Exercise requirements =
Every line of the material below needs to be copied exactly; omit the pictures.

Content starts

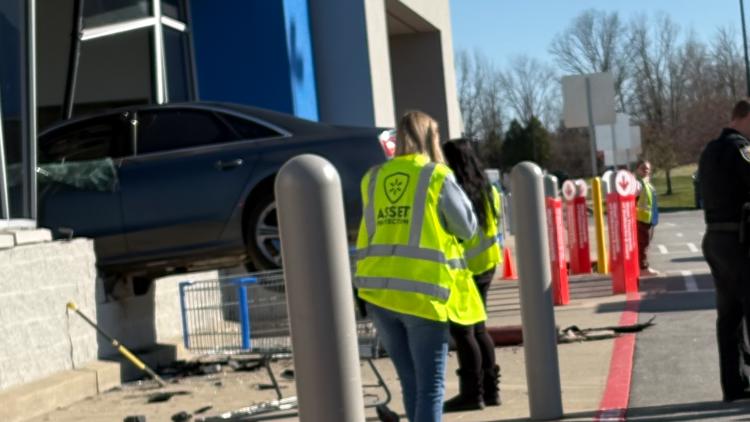 Car goes airborne, crashes into Walmart store in Medina Township: See ...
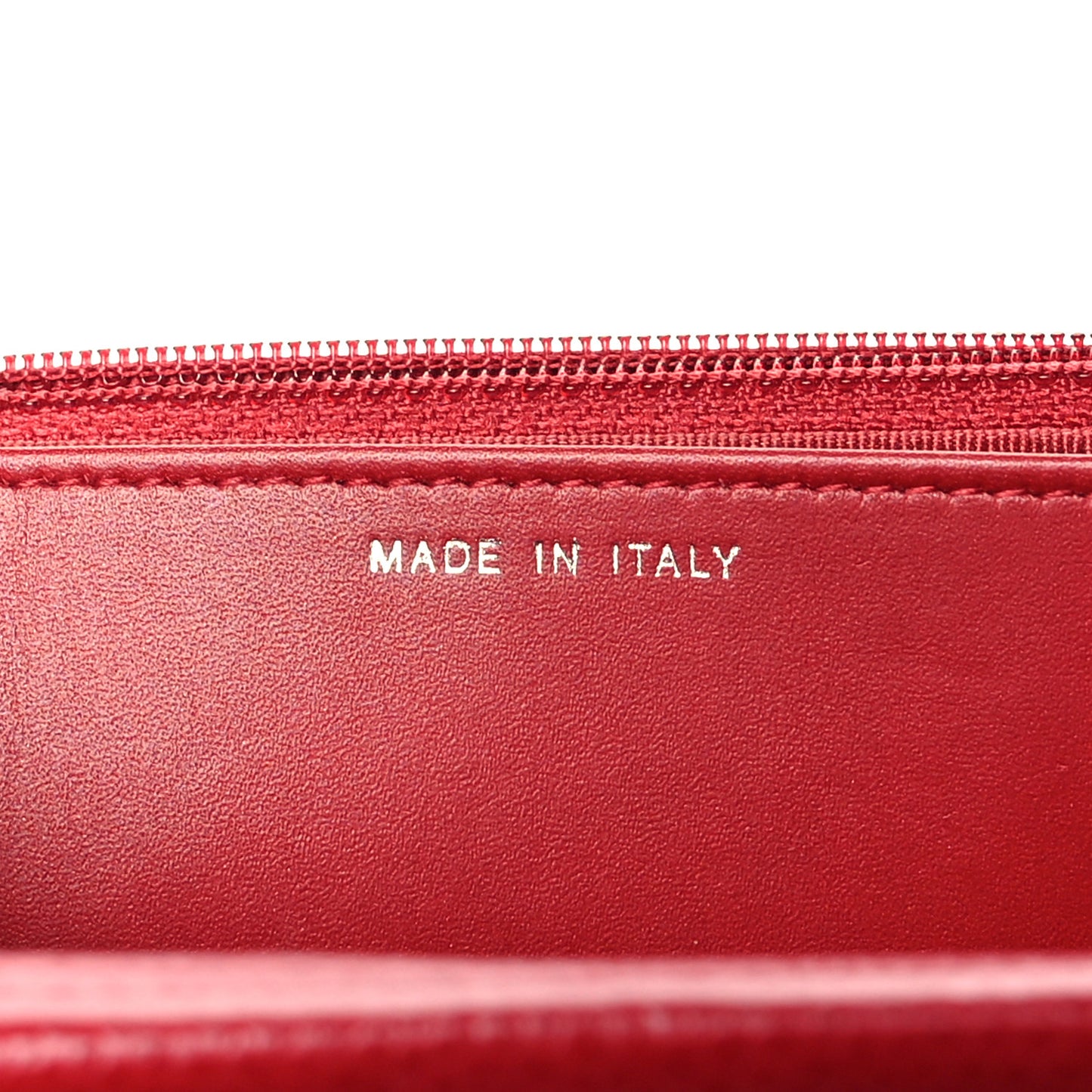 Caviar Quilted Wallet on Chain WOC Red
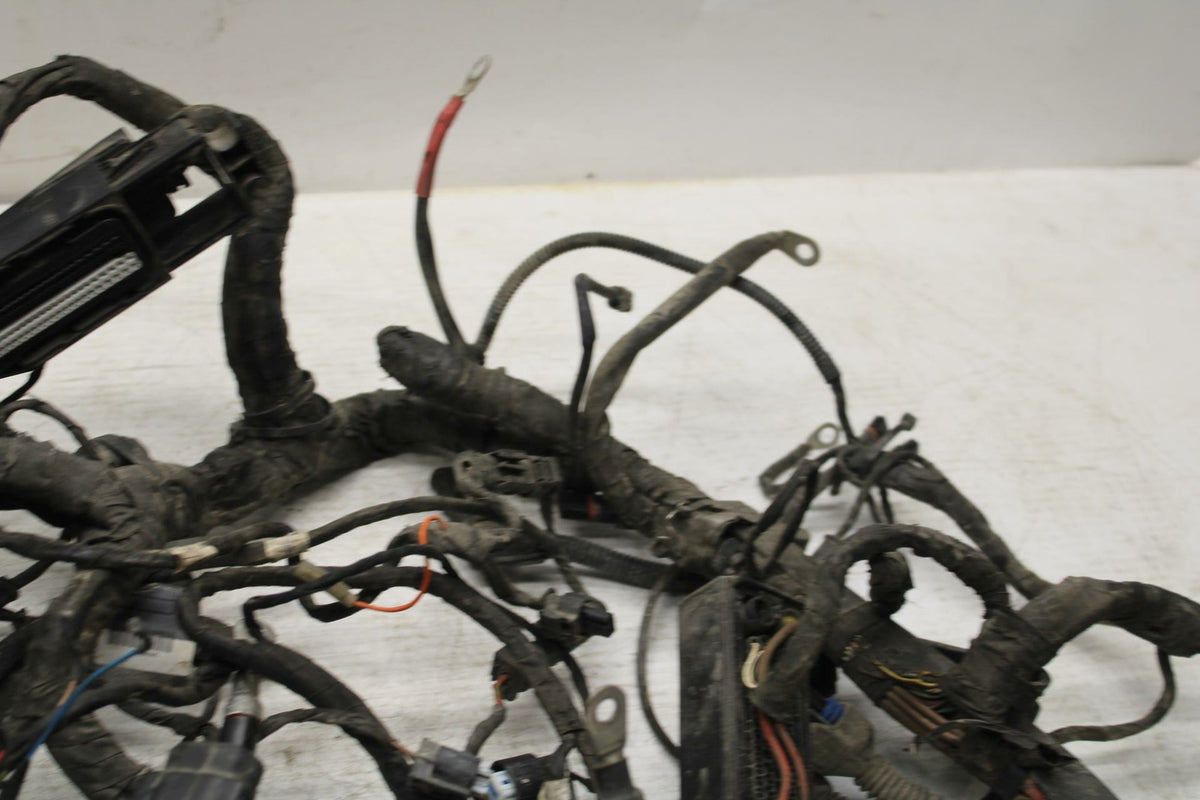 07-13 BMW R1200GS ADVENTURE MAIN ENGINE WIRING HARNESS MOTOR WIRE LOOM BB368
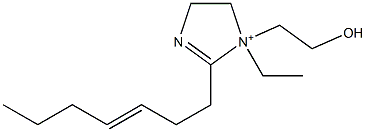 1-Ethyl-2-(3-heptenyl)-1-(2-hydroxyethyl)-2-imidazoline-1-ium Structure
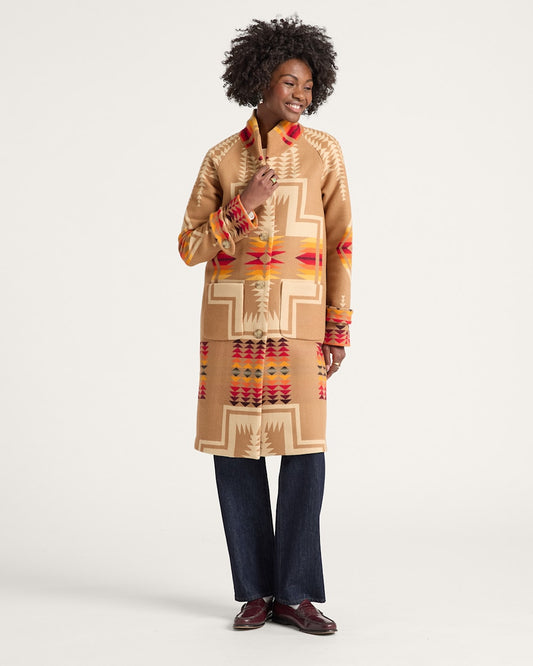 Pendleton Shop Women's Harding Archive Blanket Coat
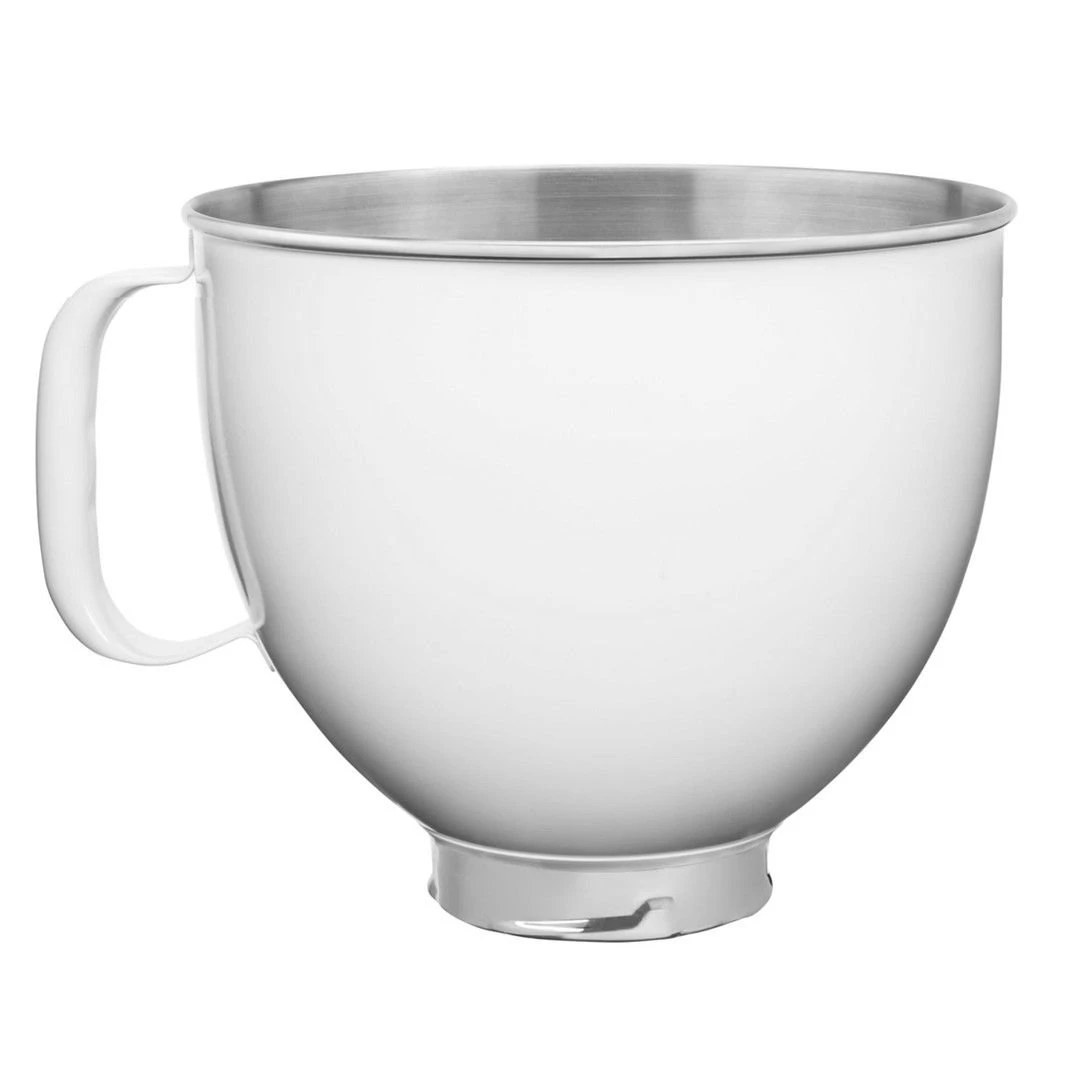 KitchenAid 5-Quart White Stainless Steel Bowl | Fits 4.5-Quart & 5-Quart KitchenAid Tilt-Head Stand Mixers 3 KitchenAid 5-Quart White Stainless Steel Bowl | Fits 4.5-Quart & 5-Quart KitchenAid Tilt-Head Stand Mixers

Content ends

Final answer =
 Car goes airborne, crashes into Walmart store in Medina Township: See ...
 Caviar Quilted Wallet on Chain WOC Red
 07-13 BMW R1200GS ADVENTURE MAIN ENGINE WIRING HARNESS MOTOR WIRE LOOM BB368
 1-Ethyl-2-(3-heptenyl)-1-(2-hydroxyethyl)-2-imidazoline-1-ium Structure
 Pendleton Shop Women's Harding Archive Blanket Coat
 KitchenAid 5-Quart White Stainless Steel Bowl | Fits 4.5-Quart & 5-Quart KitchenAid Tilt-Head Stand Mixers 3 KitchenAid 5-Quart White Stainless Steel Bowl | Fits 4.5-Quart & 5-Quart KitchenAid Tilt-Head Stand Mixers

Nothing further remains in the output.